Our train from Bologna arrived in Milano Centrale and we had booked a hotel for the night just nearby. After we had settled in, we walked to the Metro and caught a train to Duomo station, probably the most central part of the city to begin our exploration. It is a very clear memory of mine walking up the underground steps of this train station, emerging into the daylight, and immediately seeing the spires of the Duomo emerging as part of the skyline, unsurprising given it was the largest church in the Italian Republic. This cathedral is so huge and complex that it took six centuries to build, from 1386 to 1965. It is built in the central pizza of the city which has been the centre of Milan since the original town of Mediolanum was settled here by the Gallic tribe, the Insubres, in the 7th century BCE. It was captured by the Romans in the second century BCE. It was here that Milan’s first Christian churches were built and this Duomo replaced a cathedral that was burnt down by fire in 1075.

Construction of the Duomo began in the late 14th century and the vision for this church building was massive as three buildings (two palaces and a baptistry) that were in the square were demolished to make way for the Cathedral. It wasn’t completed until the 20th century and it suffered from ever changing architectural theories and lack of funds. It began as a Gothic Church but little progress was made in construction in the 15th century so by the 16th century, the Italian designers were now advocates of the new Renaissance style.

This ancient building today needs continuous renovation; between 2003-9, the main façade was cleaned and repaired to reveal the original colours of the Candoglia marble used in the construction.

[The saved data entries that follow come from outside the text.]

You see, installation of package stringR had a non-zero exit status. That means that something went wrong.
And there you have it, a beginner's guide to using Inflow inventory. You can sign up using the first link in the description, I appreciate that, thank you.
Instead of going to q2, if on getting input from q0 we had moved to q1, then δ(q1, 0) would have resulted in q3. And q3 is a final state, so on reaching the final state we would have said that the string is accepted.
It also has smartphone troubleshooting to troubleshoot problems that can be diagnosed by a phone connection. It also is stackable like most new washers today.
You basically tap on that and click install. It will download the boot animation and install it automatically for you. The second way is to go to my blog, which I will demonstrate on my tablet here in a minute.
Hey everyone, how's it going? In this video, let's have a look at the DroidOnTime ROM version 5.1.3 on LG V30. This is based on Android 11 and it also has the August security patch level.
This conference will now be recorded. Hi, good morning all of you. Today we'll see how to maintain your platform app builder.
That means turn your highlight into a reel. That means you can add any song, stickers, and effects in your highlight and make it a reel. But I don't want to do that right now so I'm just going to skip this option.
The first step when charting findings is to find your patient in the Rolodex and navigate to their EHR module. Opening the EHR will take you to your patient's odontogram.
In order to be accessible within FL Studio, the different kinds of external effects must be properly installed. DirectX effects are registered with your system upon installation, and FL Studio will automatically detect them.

A visitor wishing to appreciate all aspects of this cathedral needs a lot of time to explore the exterior of the building, the interior with all its complexities as well as leaving time to ascend to the roof of the Cathedral to take in the views of the city; note the image on the left below that shows the view of the piazza and the city spreading out to the horizon beyond.  Of course our day did not include time for a complete tour of this wonderful building as we had to keep moving.

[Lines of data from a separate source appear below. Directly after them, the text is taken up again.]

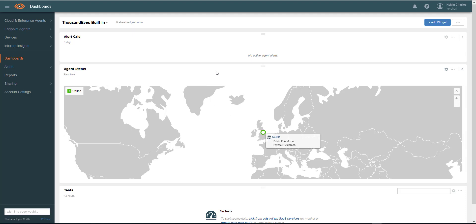So that's how you install and get up and running with the enterprise agent, at least using the OVA deployment. In the next video, we'll look at how we can actually start to run tests against this enterprise agent that we've configured. We'll see you in the next video.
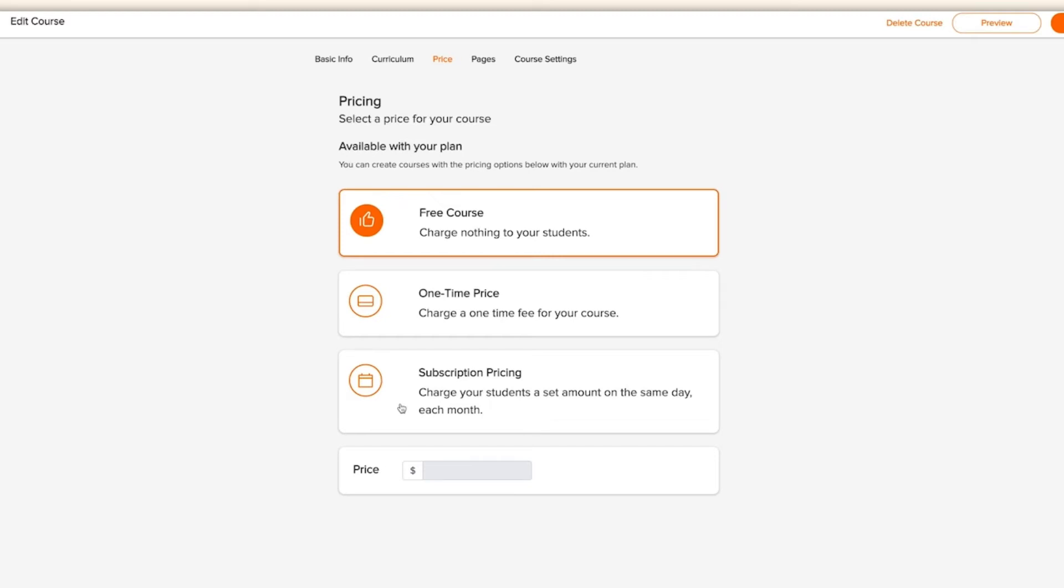Stripe handles both one-time payments and subscriptions, whilst PayPal only supports one-time payments currently. You can connect to either platform by navigating to settings and then payment. Once you're happy with how you'll be charging for your amazing knowledge, it's time to give your course a sales page and a thank you page.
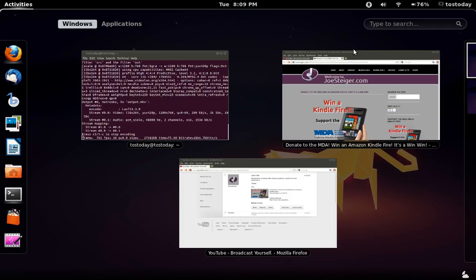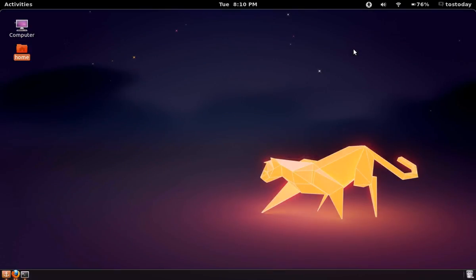Joe, no problem, happy to pass this along. Check out the show links at the bottom and I wish Joe and everybody at the MDA the best of luck. That's it for this quick announcement for Joe Steger.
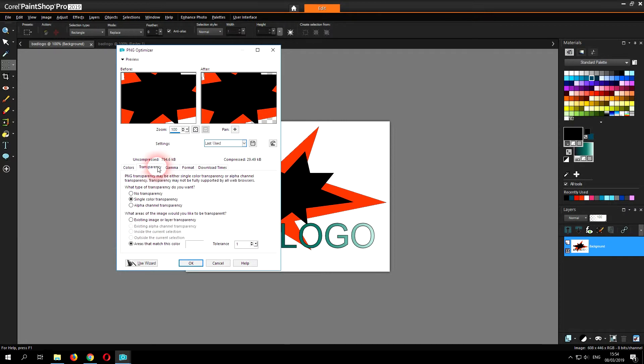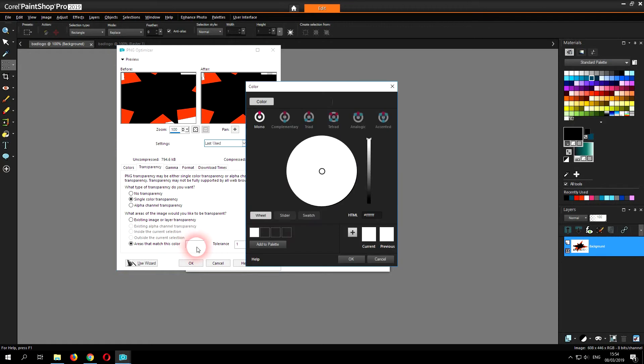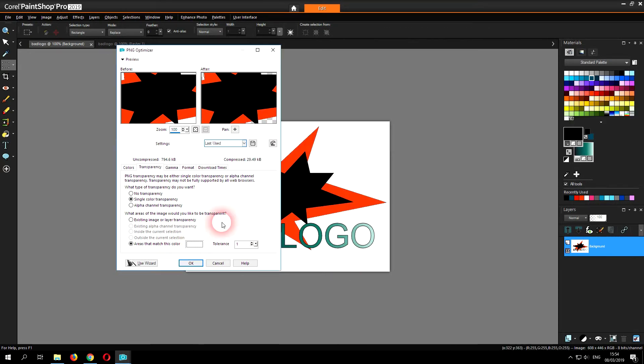Set the Transparency tab and then here's the options you have. Now in my situation I required Single Color Transparency and then Areas that match this color, and I made sure white was selected, but obviously you might require a different option.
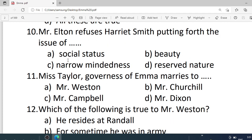Number 10. Mr. Elton refuses Harriet Smith putting forth the issue of — Options are: A. Social status. B. Beauty. C. Narrow mindedness. D. Reserved nature. Correct option is A — social status.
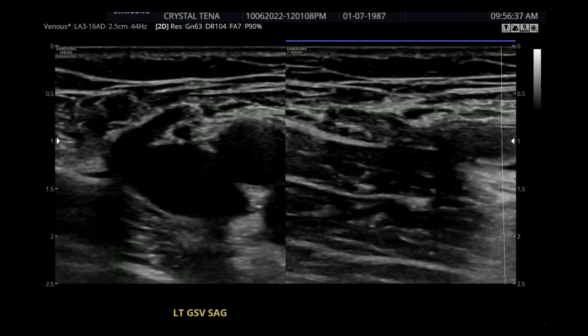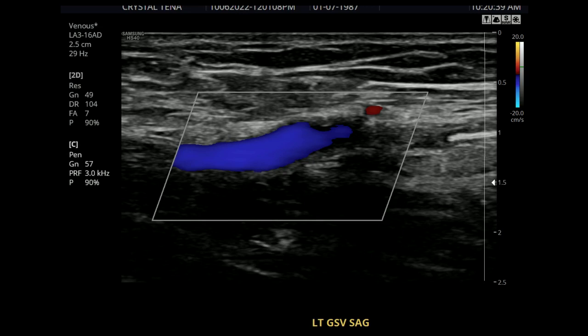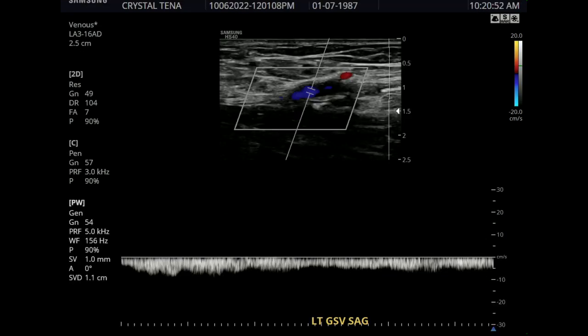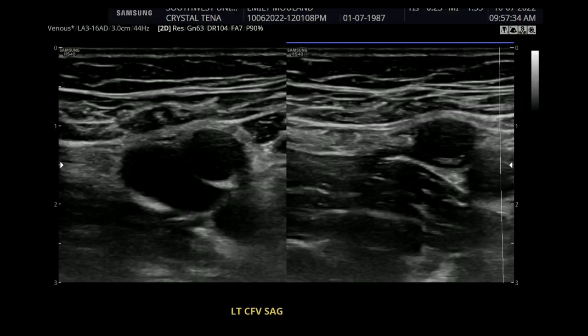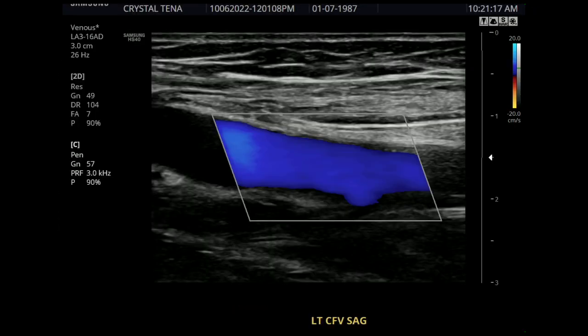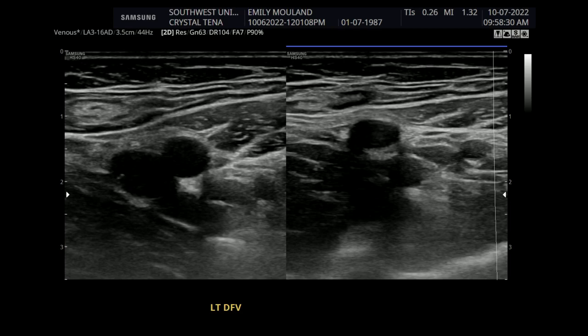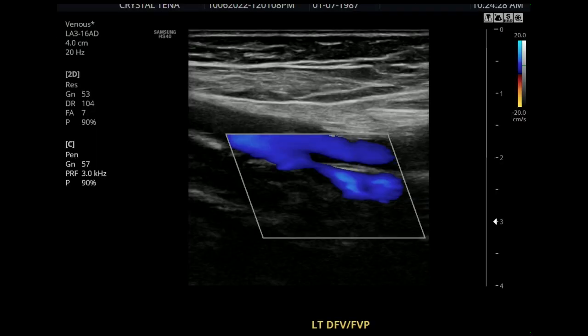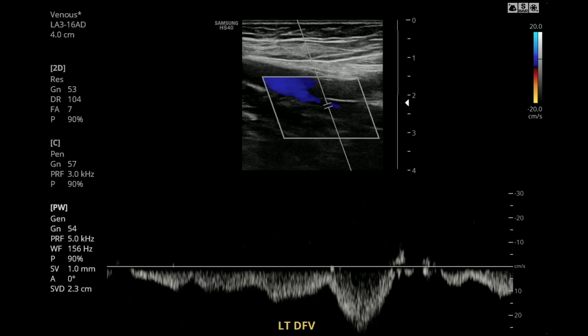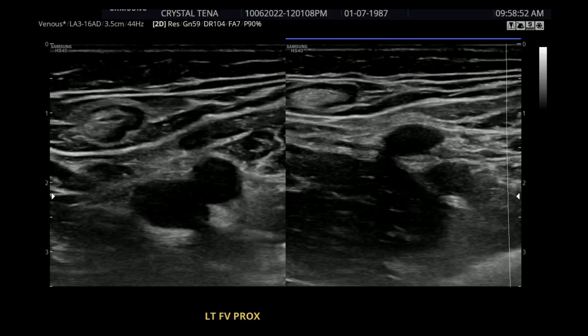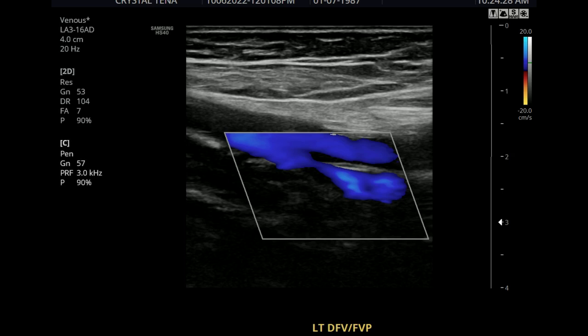These next images are going to go by quicker because they're pretty much the same thing except it's for the left leg. The left can be more difficult to scan because we're on the other side — we're closer to the right leg than we are to the left. To augment, it's quite a challenge. You could either position yourself somewhere closer, go to the other side, or ask somebody to help you.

Before leaving Piazza Duomo, it is worth having a look at the huge monument in its centre, dedicated to the first King of Independent Italy, Vittorio Emanuele II. He was a significant figure in the wars of independence throughout the 19th century in Italy, particularly the conflict with the Pope over the declining power of the Papacy in both the old Papal States and Rome itself. The most famous monument to this important character in the modern history of Italy is the huge ‘Wedding Cake’ monument in Rome, occupying the site between Piazza Venezia and Captoline Hill.

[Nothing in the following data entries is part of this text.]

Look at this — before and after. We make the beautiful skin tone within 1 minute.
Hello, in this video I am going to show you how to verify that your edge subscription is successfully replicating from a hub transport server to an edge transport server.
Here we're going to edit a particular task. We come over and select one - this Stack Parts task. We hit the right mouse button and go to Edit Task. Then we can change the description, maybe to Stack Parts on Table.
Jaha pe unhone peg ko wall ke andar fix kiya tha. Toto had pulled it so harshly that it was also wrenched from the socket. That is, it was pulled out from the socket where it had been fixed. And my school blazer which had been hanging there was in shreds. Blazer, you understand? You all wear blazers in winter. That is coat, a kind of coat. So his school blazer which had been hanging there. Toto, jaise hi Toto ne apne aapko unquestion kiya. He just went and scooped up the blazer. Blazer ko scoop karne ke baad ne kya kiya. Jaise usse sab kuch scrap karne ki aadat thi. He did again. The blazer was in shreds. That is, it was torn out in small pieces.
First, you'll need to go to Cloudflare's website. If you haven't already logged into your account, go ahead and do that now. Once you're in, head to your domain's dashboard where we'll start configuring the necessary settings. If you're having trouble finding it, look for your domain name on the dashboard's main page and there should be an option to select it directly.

From the ancient to the modern times is only a short walk away from each other across the Piazza Duomo. To the left of the piazza looking towards the Duomo is what looks like a large triumphal Roman Gate that is the entry to the 1877 Grand Galleria Vittorio Emanuele II. It is amongst the oldest shopping centres in the world but the merchandise it sells is very 21st century; if your interests and wallet are centred around opulence and extravagance then, this is the shopping mall for you.

It might be time to refer back to the map at the start of this blog and it can be seen that by strolling through this stupendous Galleria, you come out on the other side of the complex in the Piazza della Scala. On one side of this city square is the famous La Scala Opera House and is considered one of the finest in the world for its acoustic qualities. The only thing that competes with religious observance in Italy is the love of Opera, illustrated by the fact that a 14th century church, Santa Maria alla Scala, was demolished in order for this famous opera house to be built from 1776.

In the 19th century, the local planners decided there needed to be a significant piazza in front of the Teatro alla Scala and of course such a piazza needed a significant statue. One of Milan’s favourite sons was chosen as the subject so in front of the Opera House is a huge statue of Leonardo Da Vinci accompanied by four of his favourite apprentices. Da Vinci lived a significant part of his life in Milan (1482-1499, 1506-1513) and lived in Sforza Castle under the patronage of Duke Ludovico il Moro. It was a very productive period in his life but he is mainly remembered in Milan for his famous painting of the ‘Last Supper’ which is an important stop in any tour of this city. Given that this statue was started with a competition in the 1850s, Italy was not yet an independent country so when the statue was eventually finished in 1872, it was criticised by many as more part of the Austrian legacy in Italy rather than a monument celebrating an Italian hero. The drawing on the right below is from the inauguration day of the monument

From the Piazza della Scala it is a reasonable walk to the next major site of our visit to Milan. We headed towards Via Dante which leads up to Parco Sempione and the huge Sforza Castle on these grounds where Da Vinci himself spent many years. The castle itself has a long and complex history and its grounds were generally used as a military parade ground. However, in the late 19th century, the land around the castle was given over to the city of Milan and the extensive park that surrounds the castle today was built. This included the huge fountain (below) that we passed on the way to inspect the Castle and the museums that have a home here.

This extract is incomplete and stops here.